Embedding-Based Federated Learning with Runtime Governance for Iron Deficiency Prediction
Pith reviewed 2026-05-22 09:44 UTC · model grok-4.3
The pith
Personalised aggregation in an embedding-based federated pipeline raises iron deficiency prediction accuracy at both of two dissimilar clinical sites over local-only training.
A machine-rendered reading of the paper's core claim, the machinery that carries it, and where it could break.
Core claim
In two structurally non-IID clinical datasets that differ in iron deficiency prevalence, population characteristics, and sample size, an embedding-based federated pipeline with runtime governance produces higher prediction performance when updates are aggregated by a personalised method than when sites train independently or when updates are averaged by sample size.
What carries the argument
FedMAP personalised aggregation applied to the output of a frozen site-local DeepCBC embedding extractor, with governance supplied by a healthcare FL platform.
Load-bearing premise
The two clinical datasets differ because of genuine population differences rather than sampling variation, and the frozen embedding model supplies representations that let a small classifier suffice.
What would settle it
Re-running the identical pipeline on two new sites whose patient distributions match more closely would show whether the performance lift from personalised aggregation disappears.
Figures
read the original abstract
Recent reviews find that the vast majority of published healthcare federated learning (FL) studies never reach real-world deployment. We developed an embedding-based FL pipeline for iron deficiency prediction from routine full blood count (FBC) data and deployed it across real institutional environments at Amsterdam University Medical Centre (AUMC) and NHS Blood and Transplant (NHSBT), two clinical environments that differ markedly in iron deficiency prevalence, ferritin distribution, and subject populations. A frozen domain-specific haematology foundation model, DeepCBC, performs site-local representation extraction, restricting federated training to a compact downstream classifier and substantially reducing recurrent communication relative to full-encoder federation. The two clinical datasets are structurally not independent and identically distributed (non-IID), with heterogeneity arising from distinct population differences rather than sampling artefacts. Runtime governance is enforced by FLA$^3$, a healthcare-oriented FL platform providing study-scoped execution, policy-based authorisation, and signed audit logging. Standard sample-size-weighted aggregation (FedAvg) reduced the area under the receiver operating characteristic curve (ROC-AUC) at both sites relative to local-only training, as the global update was biased towards the larger AUMC distribution. FedMAP, a personalised aggregation method, raised ROC-AUC from 0.9470 to 0.9594 at AUMC and from 0.8558 to 0.8671 at NHSBT relative to local-only training, achieving the highest macro ROC-AUC of 0.9133 and the best macro balanced accuracy overall. These results support personalised aggregation in clinical federations where client sample size and task relevance diverge substantially.
Editorial analysis
A structured set of objections, weighed in public.
Referee Report
Summary. The manuscript presents an embedding-based federated learning pipeline for iron deficiency prediction from routine full blood count data. A frozen DeepCBC haematology foundation model extracts site-local representations, after which a compact downstream classifier is trained via federated methods. The work deploys the system across two real clinical sites (AUMC and NHSBT) that exhibit structural non-IID heterogeneity, introduces the personalised aggregation method FedMAP, and enforces runtime governance through the FLA³ platform. Empirical results claim that FedMAP improves site-level ROC-AUC over local-only training (AUMC: 0.9594 vs 0.9470; NHSBT: 0.8671 vs 0.8558) and yields the highest macro ROC-AUC of 0.9133.

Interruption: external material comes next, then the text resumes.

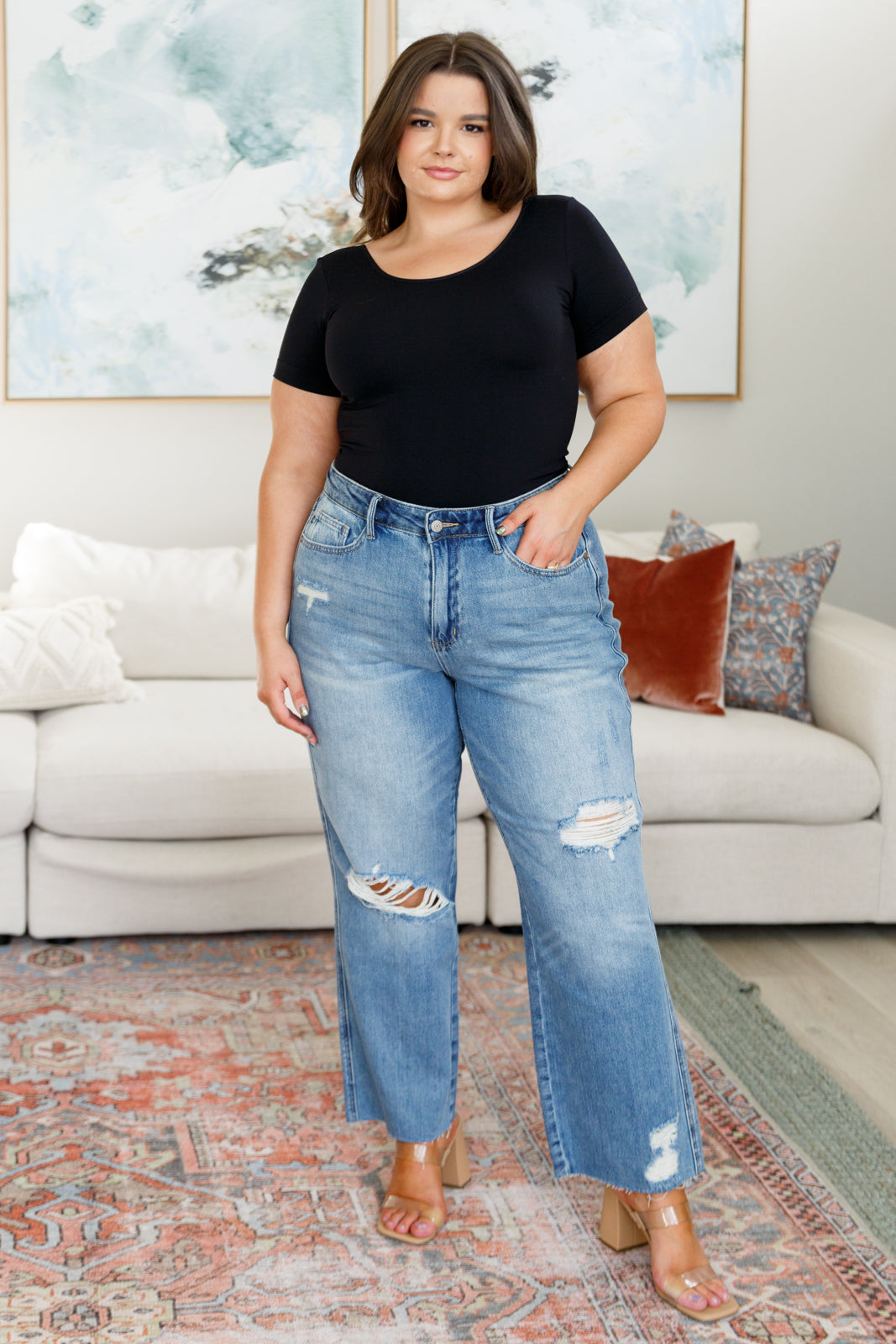 Nora High Rise Straight Jeans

Significance. If the reported gains prove robust, the paper supplies a concrete, deployed example of federated learning in healthcare that combines reduced communication via frozen embeddings with governance mechanisms and personalised aggregation. This addresses a documented gap between published FL studies and real-world use, while demonstrating that sample-size-weighted aggregation can degrade performance when client distributions differ substantially in prevalence and size.
major comments (2)
- Results section (and abstract): The headline ROC-AUC improvements are reported as single point estimates (e.g., 0.9594 vs 0.9470 at AUMC) without standard deviations, confidence intervals, multiple random seeds, or hypothesis tests. Because the downstream classifier is compact and trained on embeddings, run-to-run variance from initialisation or mini-batch order can easily exceed the observed deltas of ~0.012; this directly undermines the load-bearing claim that FedMAP is superior in this non-IID clinical setting.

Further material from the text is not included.